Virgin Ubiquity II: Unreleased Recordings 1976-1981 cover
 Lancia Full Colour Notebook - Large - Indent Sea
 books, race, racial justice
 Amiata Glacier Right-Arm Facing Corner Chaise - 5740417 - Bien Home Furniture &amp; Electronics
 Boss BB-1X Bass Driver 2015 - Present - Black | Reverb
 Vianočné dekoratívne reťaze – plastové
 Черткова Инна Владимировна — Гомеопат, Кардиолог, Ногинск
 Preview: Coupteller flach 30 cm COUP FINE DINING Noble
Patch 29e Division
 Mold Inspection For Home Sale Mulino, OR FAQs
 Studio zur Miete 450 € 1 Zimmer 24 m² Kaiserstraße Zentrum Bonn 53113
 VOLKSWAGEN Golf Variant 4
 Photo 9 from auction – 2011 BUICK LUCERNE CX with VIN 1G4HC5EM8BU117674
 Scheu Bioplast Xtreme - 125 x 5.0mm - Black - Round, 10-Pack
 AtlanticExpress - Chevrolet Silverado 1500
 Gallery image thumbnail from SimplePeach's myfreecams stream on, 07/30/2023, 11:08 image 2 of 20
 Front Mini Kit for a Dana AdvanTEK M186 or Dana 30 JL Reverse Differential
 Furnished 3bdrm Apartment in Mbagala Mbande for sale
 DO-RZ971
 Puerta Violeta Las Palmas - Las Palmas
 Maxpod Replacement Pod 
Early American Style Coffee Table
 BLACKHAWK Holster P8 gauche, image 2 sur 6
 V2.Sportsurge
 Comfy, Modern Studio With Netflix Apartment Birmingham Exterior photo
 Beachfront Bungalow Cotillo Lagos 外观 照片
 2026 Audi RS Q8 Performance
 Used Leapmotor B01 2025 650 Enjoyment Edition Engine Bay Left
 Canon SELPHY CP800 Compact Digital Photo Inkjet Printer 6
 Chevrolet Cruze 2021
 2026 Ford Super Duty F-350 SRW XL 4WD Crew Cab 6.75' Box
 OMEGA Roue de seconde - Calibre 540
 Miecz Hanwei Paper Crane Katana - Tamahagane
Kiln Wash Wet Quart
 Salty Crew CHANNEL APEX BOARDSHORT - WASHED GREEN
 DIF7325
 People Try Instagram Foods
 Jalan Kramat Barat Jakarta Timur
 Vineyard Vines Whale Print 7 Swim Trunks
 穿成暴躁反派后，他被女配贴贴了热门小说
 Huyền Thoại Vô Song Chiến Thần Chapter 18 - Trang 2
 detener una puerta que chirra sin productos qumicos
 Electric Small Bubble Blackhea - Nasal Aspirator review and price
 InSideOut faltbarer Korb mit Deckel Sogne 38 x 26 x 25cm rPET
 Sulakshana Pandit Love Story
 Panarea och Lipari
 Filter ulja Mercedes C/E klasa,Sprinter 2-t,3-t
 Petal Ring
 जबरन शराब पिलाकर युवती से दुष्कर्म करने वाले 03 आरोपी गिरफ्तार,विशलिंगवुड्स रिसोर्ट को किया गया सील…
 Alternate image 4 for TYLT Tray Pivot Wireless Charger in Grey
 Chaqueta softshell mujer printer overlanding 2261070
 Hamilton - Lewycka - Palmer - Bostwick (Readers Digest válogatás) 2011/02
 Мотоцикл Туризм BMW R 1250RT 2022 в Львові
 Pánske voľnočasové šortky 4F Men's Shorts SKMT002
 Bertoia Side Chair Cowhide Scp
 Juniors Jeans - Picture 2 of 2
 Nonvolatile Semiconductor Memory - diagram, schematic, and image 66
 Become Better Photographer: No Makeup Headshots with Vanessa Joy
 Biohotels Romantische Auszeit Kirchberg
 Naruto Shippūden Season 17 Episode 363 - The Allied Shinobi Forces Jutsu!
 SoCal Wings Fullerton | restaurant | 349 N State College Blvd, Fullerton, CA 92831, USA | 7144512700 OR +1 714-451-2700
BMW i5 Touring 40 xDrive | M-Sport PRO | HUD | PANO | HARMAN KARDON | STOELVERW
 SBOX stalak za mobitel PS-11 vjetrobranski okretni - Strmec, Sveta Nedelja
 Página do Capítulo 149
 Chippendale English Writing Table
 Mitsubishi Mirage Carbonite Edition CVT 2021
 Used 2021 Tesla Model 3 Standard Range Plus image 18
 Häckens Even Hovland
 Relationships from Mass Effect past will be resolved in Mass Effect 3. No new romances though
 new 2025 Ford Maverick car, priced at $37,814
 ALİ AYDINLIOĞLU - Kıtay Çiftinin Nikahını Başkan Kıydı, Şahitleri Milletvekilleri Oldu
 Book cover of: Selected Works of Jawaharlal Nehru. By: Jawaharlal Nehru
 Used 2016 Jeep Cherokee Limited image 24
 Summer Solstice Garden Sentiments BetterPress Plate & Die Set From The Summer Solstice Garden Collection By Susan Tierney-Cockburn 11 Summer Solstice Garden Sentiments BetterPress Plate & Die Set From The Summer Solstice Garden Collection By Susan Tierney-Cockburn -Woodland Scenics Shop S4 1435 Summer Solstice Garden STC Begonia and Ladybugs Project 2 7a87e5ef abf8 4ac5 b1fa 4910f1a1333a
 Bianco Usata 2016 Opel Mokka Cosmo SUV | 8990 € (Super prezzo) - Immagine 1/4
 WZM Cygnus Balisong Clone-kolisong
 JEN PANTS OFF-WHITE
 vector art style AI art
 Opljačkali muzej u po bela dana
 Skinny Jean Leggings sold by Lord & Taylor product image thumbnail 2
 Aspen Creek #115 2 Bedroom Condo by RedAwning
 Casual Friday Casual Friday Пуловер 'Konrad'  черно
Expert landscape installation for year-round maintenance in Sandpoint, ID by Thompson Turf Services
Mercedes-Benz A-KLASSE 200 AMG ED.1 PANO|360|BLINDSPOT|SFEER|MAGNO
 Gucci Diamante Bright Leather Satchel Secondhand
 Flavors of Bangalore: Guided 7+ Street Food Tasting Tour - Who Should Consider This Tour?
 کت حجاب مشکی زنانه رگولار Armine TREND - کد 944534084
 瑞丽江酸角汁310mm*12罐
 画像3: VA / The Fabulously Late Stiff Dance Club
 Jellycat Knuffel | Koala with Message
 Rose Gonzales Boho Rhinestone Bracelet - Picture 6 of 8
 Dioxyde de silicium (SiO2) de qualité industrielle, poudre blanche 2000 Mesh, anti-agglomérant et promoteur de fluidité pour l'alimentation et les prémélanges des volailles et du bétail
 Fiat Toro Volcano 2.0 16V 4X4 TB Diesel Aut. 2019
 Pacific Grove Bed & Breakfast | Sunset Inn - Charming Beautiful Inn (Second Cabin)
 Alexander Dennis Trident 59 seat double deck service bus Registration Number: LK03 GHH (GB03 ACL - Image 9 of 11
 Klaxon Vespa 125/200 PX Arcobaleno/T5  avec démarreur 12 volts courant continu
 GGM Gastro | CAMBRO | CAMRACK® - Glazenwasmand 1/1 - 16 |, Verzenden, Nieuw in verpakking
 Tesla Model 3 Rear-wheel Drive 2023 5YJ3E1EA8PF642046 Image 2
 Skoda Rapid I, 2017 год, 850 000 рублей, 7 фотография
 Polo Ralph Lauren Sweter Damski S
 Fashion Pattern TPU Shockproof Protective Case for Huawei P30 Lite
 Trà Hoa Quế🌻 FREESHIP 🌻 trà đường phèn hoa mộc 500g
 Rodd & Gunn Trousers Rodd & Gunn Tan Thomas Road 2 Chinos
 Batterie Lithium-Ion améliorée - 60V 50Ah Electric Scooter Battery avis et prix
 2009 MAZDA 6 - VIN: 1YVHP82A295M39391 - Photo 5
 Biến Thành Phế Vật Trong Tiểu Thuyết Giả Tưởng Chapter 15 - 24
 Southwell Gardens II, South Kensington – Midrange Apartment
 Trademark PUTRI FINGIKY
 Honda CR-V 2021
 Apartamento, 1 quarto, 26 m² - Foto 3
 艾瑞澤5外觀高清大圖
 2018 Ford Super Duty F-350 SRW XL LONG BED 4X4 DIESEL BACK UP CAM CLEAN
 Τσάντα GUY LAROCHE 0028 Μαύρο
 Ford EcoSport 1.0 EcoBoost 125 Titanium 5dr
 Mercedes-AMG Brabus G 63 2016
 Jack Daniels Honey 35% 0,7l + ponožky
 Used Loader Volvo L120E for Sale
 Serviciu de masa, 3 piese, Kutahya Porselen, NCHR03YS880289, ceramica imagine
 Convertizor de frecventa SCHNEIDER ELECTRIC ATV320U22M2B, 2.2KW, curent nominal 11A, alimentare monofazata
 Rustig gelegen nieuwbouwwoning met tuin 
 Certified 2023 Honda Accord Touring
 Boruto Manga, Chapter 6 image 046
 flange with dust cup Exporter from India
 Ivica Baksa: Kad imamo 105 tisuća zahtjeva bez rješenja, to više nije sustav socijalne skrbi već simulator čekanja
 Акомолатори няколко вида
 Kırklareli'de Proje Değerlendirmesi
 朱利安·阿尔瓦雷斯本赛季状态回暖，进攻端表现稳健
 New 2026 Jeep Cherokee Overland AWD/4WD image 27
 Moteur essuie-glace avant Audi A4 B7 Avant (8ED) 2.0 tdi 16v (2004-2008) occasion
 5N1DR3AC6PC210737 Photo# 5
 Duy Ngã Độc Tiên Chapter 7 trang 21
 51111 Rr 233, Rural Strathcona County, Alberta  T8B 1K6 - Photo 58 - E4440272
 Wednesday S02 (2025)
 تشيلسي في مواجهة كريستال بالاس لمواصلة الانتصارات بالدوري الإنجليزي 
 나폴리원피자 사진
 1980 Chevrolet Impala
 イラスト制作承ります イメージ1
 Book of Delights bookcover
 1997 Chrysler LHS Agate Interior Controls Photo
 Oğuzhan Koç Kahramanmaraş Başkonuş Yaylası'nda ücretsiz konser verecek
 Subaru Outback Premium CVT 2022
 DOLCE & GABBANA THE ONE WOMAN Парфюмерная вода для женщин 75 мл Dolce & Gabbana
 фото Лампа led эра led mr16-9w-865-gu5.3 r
- - - - - - -
--- TASK GOAL ---
The output should be exactly the lines above from the line containing "Juniors Jeans - Picture 2 of 2" to the line containing "Naruto Shippūden Season", inclusive, with no other lines.

--- RESULT BELOW ---
 Juniors Jeans - Picture 2 of 2
 Nonvolatile Semiconductor Memory - diagram, schematic, and image 66
 Become Better Photographer: No Makeup Headshots with Vanessa Joy
 Biohotels Romantische Auszeit Kirchberg
 Naruto Shippūden Season 17 Episode 363 - The Allied Shinobi Forces Jutsu!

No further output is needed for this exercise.